Now, onto the rankings for the games that are actually relevant:

 

  1. The Mini

Is the Mini being last place a controversial take? I feel like it shouldn’t be. 

The issue with this game is that it’s too quick and easy. Make no mistake — I understand the appeal, especially since the Mini was designed for sleepy mornings in the cubicle, but I play this game late at night. It takes less than a minute to complete the Mini on most days. That’s barely enough time for my dopamine pathways to activate, much less my melatonin ones. I finish the little grid and receive neither fulfillment nor sleep. I am left with nothing but a vague, unsatiated longing for something more. 

In all senses, a game destined to be consigned to the vast realm of oblivion known as mediocrity. There’s nothing bad about the Mini, per se — it just fails to be anything particularly good. Mediocrely, last place.

 

  1. Strands [BETA]

Strands has a solid concept: it’s a themed word search, with the theme presented as a puzzle title that you have to decrypt. Pretty unique, honestly. The problem is that Strands isn’t actually that fun in practice. 

The board is small, just 6×8, and every letter on the board is part of a word to be found. As soon as you find the first word, the difficulty level drops off a cliff. The theme becomes obvious and you get a sense of what words you’re trying to find. Not to mention that you functionally have unlimited hints and no penalties. Where are the stakes? Where is the strategic exploitation of my fear of failure? Cowards.

All in all though, not a bad game at its core. I hope it gets better and more emotionally exploitative before they officially release it. As of right now, I only occasionally forget about it on my nightly speedruns.

 

  1. The Crossword

Ah, the Crossword — this one’s love-hate for me. Similar to the Spelling Bee, the Crossword wears my brain out. The Wednesday and Thursday games tend to be the ones that finally get me to sleep during the week — sometimes because I straight-up pass out while playing, sometimes because the sweet release of sleep is more merciful than stewing in the utter shame of not knowing where Corfu is (Greece, if you ever need to know.) 

Unlike the Spelling Bee, though, the Crossword doesn’t involve guessing random letter combinations ad infinitum. There are niche facts and trivia being drawn upon! Interesting and semi-useful knowledge about culture, geography, politics and art to be gained! Frequent humiliation aside, the struggle itself towards the heights is enough to fill a man’s heart. I can’t help but adore a game that makes me feel intellectually validated one day and so intellectually inadequate another. No, I have no idea what that possibly says about me.

 

  1. Wordle

What poetic is there to wax about Wordle that hasn’t been waxed already? It’s cute, it’s simple, it’s evergreen. The boy-next-door equivalent of NYT games. Would treat you right, 10/10. 

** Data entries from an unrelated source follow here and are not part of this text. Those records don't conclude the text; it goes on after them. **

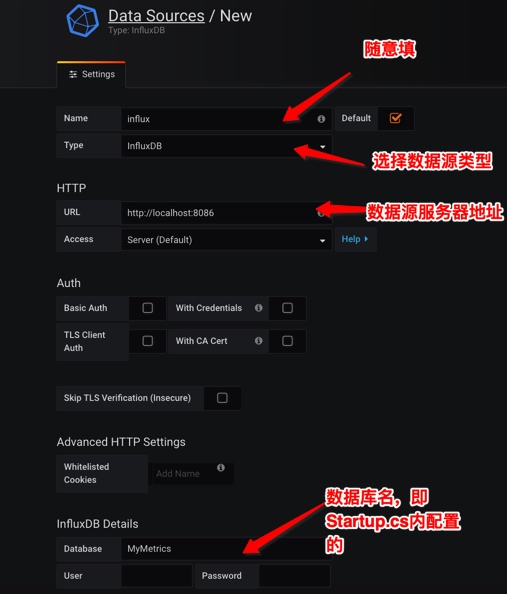 AspNet Core下如何利用app-metrics+Grafana + InfluxDB实现高大上的性能监控界面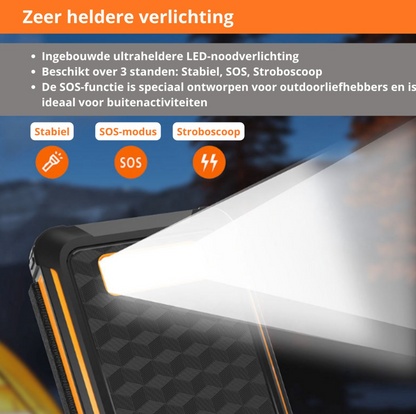 Solar Powerbank 20.000mAh – 4 Zonnepanelen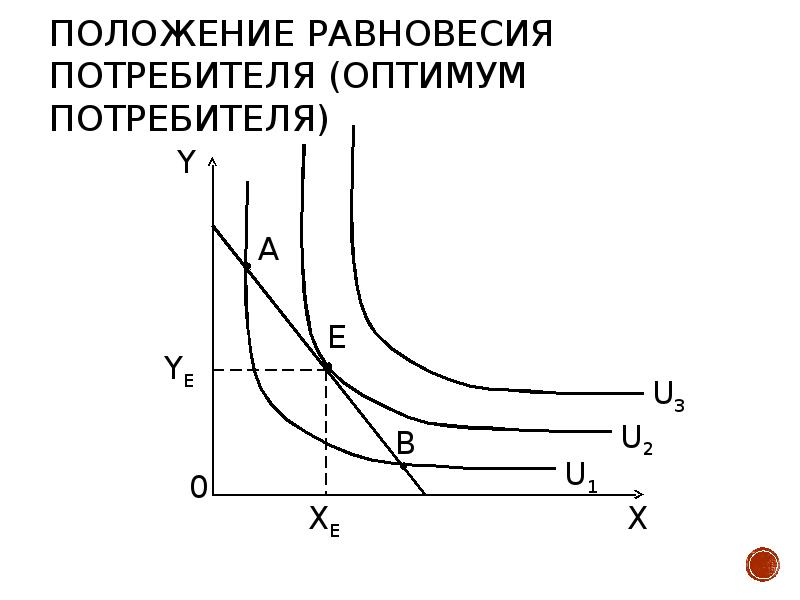 На рисунке точкой оптимального поведения потребителя является точка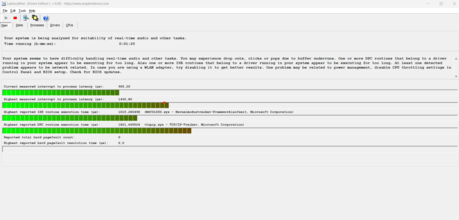 Moniteur de latence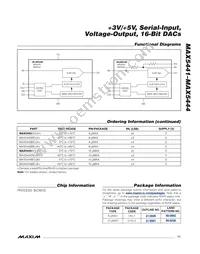 MAX5441ACUA+T Datasheet Page 11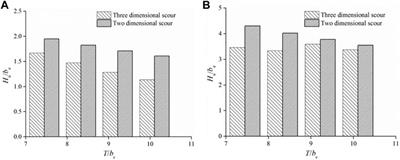 Morphology Evolution of Three-Dimensional Scours Under Submerged Jets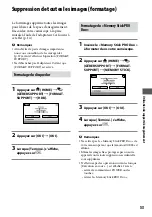 Preview for 53 page of Sony DCR-SR65 - 40gb Hdd Handycam Camcorder (French) Guide Pratique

Just kidding — no. Wordle will be nice and give you ‘SLATE’ on one day and then hit you with something fucked up like ‘CONEY’ on the next, where you’re on guess 5 with -ONEY, sweating as you realize that you still have M, H, C or B to eliminate. The absolute worst. Hot then you’re cold, yes then you’re no-type behavior. 

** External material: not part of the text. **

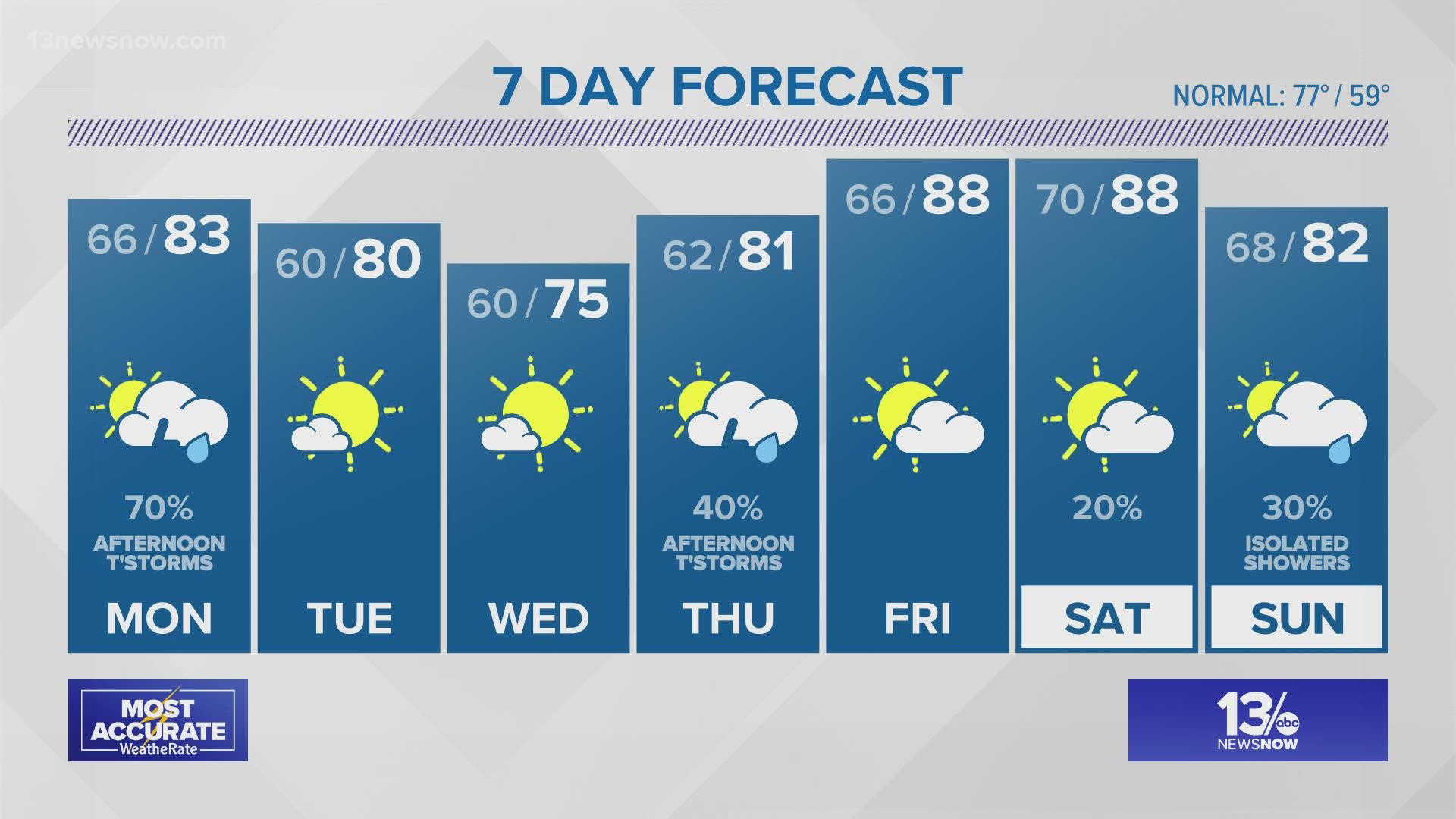 Weather Forecast: 13NewsNow at 11 on May 15, 2022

Is unpredictability exciting sometimes? Sure! But I’d expect that emotional rollercoaster from the Crossword, not the Wordle. Wordle is supposed to be the reliable sweetheart! It’s not supposed to be having these communication problems and playing all these mind games with me! But alas — still can’t stay away from it. Such is love and life and NYT games.

 

  1. Connections

Those who know me well in real life might be surprised I ranked this one above the Wordle, given that vocabulary-based games are usually my forte. And it’s true — I had a hard time resolving this tiebreaker. Ultimately, the verdict came down to two factors: (1) how fun it is and (2) how effective it is at helping me sleep. 

Connections hits the sweet spot along both those axes. The gradated difficulty levels, the sheer abstrusity of some “connections,” the way it stretches your logic-ing muscles — nothing gets my ex-GT kid brain going the way this game does. It deludes me into thinking that my brain hasn’t been utterly rotted through by sleep deprivation yet. I sleep easier at night, holding that blithely delusional reassurance close to my heart.

 

 

  1. The Spelling Bee

Last but certainly not least. If anything, this game is Too Much™.

Full disclosure — unlike the rest of the games on this list, the Spelling Bee isn’t actually part of my nightly ritual. I very, very rarely play it anymore, for reasons including but not exclusive to the fact that the last word — after two hours of guessing random letter combinations — will almost always be something ridiculous like ogee. I’m sorry, “A molding with an S-shaped profile?” O-gee, why don’t you literally [REDACTED] my [REDACTED]? (A fun exercise in imagination for our dear Hoya readers.)

Anyways. Not a game I subject myself to unless insomnia has me feeling extra masochistic. 

You might be wondering, Claire! If you hate the Spelling Bee so much, why is it ranked first? Why is it even included on this list if you don’t play it? All valid questions.

The answer is that this game was my gateway into the world of NYT games. A high school teacher I liked a lot specifically recommended it to me, knowing a silly, infuriating little game like this would be catnip for my equally silly, infuriating little brain (shoutout to you, Mrs. Holmes!). And she was right; new games would come out at 3 a.m. CST and, on sleepless nights, I would be there, ready and waiting. 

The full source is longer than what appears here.